---------- RECORDS TO PROCESS
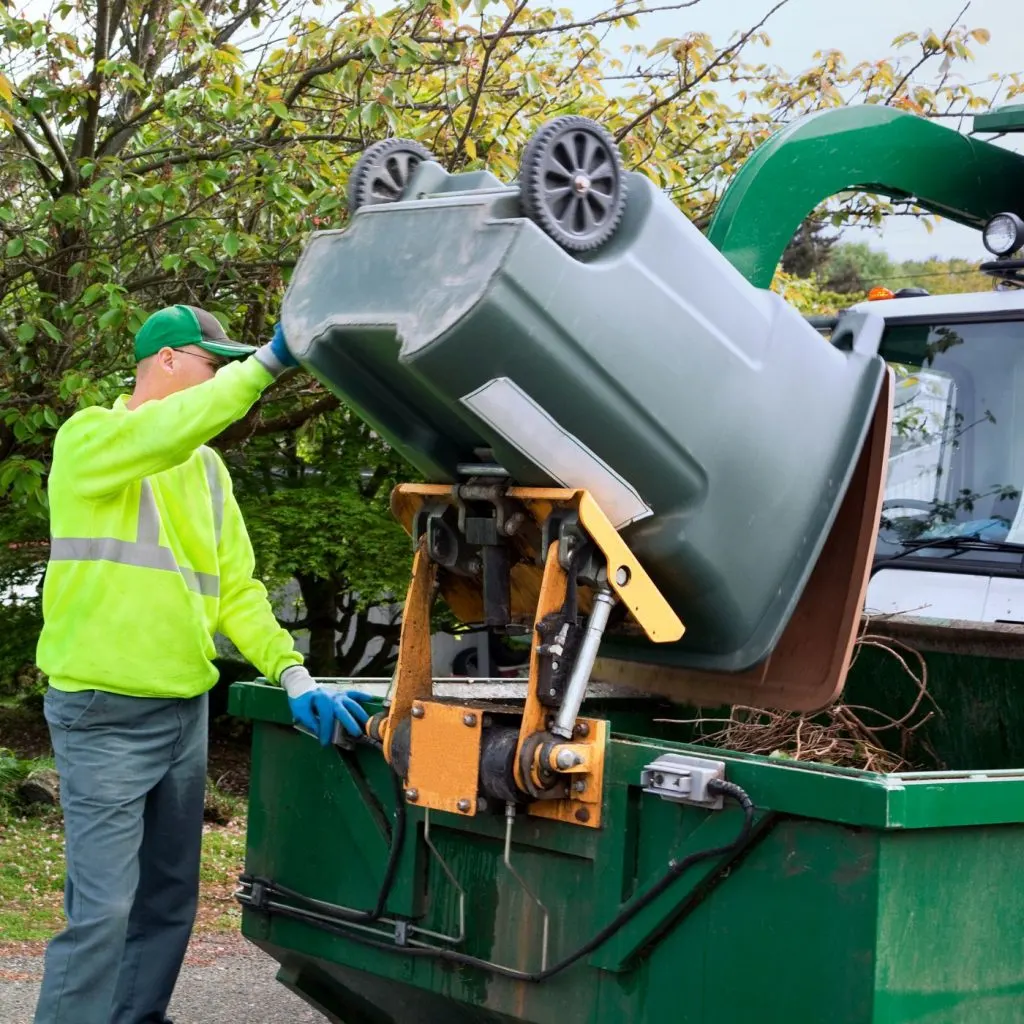 Cheap Compost: Where To Get It And What To Watch For | The Not So Modern Housewife garbage man picking up local yard waste - Cheap Compost: Where To Get It And What To Watch For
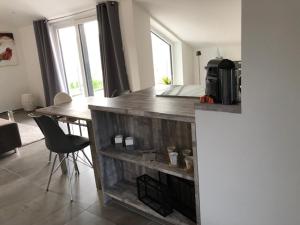 a kitchen with a wooden counter top in a room at Ferienwohnung Ederseeblick in Waldeck
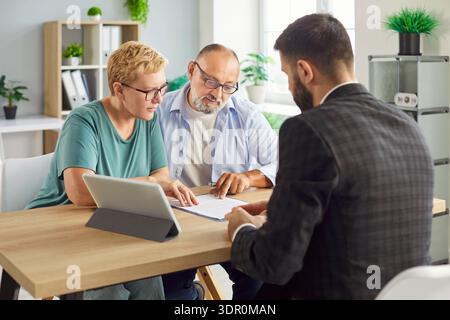 Senior couple signing a contract with advisor during meeting and paperwork review Stock Photo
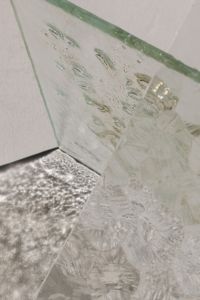 Kaboompics - Angled View of Layered Glass Sheets with Bubble Texture and Open Space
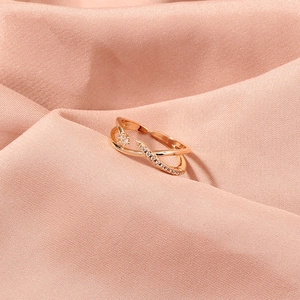 Detailed view of rose gold safety pin ring with cubic zirconia on silk background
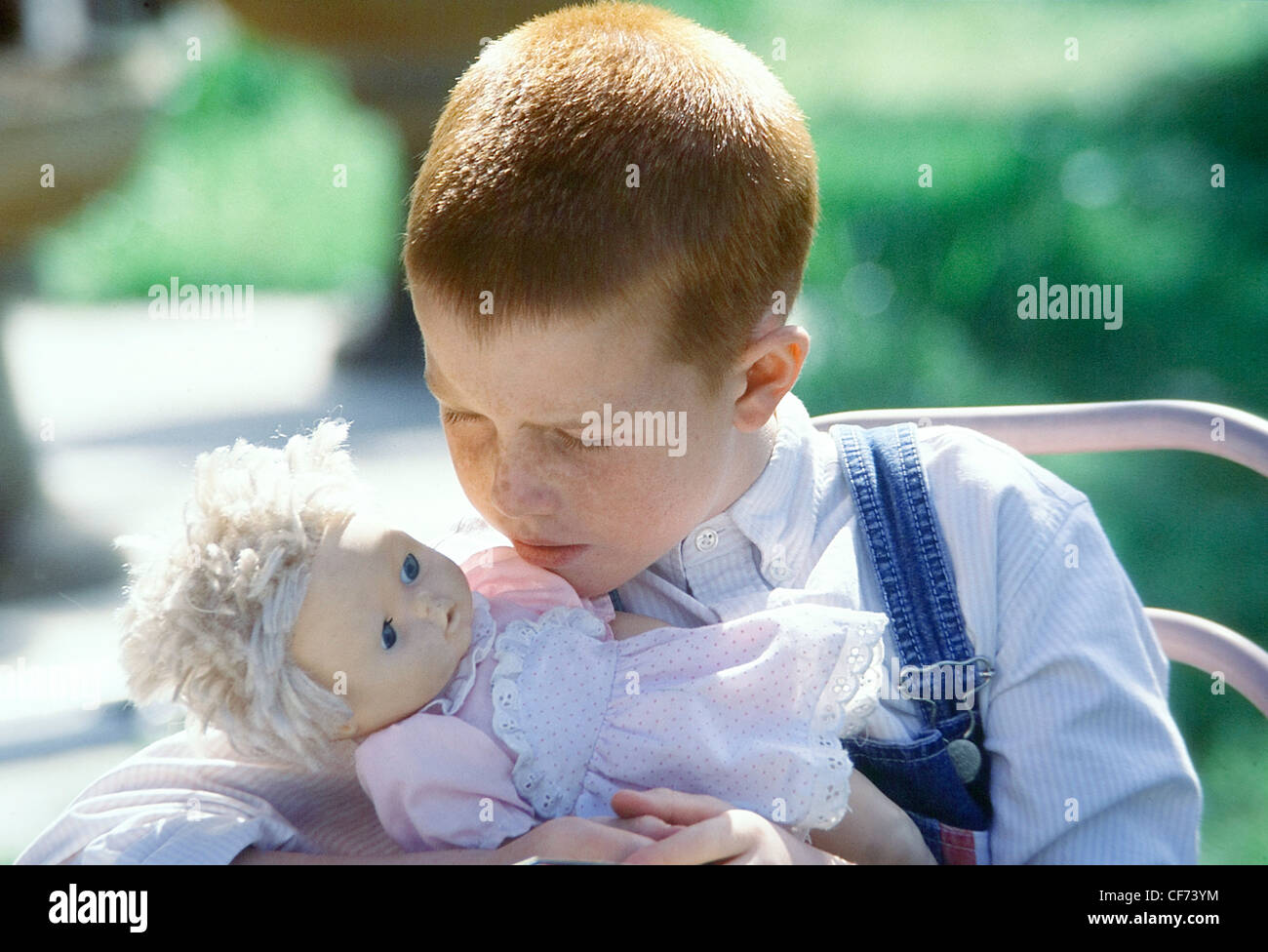 Bambino maschio con breve capelli allo zenzero, indossando un blu pallido camicia a righe e denim complessivamente, abbracciando una bambola Foto Stock
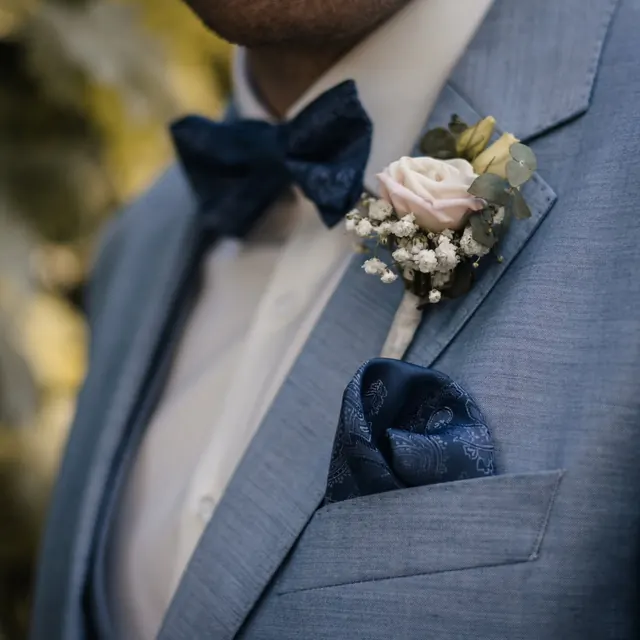 Bräutigam mit blauer Fliege und Ansteckblume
--------------------
> _EXERCISE INSTRUCTIONS_: Copy out the entries exactly. No pictures.

> _SOLUTION TO THIS EXERCISE_:
 Cheap Compost: Where To Get It And What To Watch For | The Not So Modern Housewife garbage man picking up local yard waste - Cheap Compost: Where To Get It And What To Watch For
 a kitchen with a wooden counter top in a room at Ferienwohnung Ederseeblick in Waldeck
 Senior couple signing a contract with advisor during meeting and paperwork review Stock Photo
 Kaboompics - Angled View of Layered Glass Sheets with Bubble Texture and Open Space
 Detailed view of rose gold safety pin ring with cubic zirconia on silk background
 Bambino maschio con breve capelli allo zenzero, indossando un blu pallido camicia a righe e denim complessivamente, abbracciando una bambola Foto Stock
 Bräutigam mit blauer Fliege und Ansteckblume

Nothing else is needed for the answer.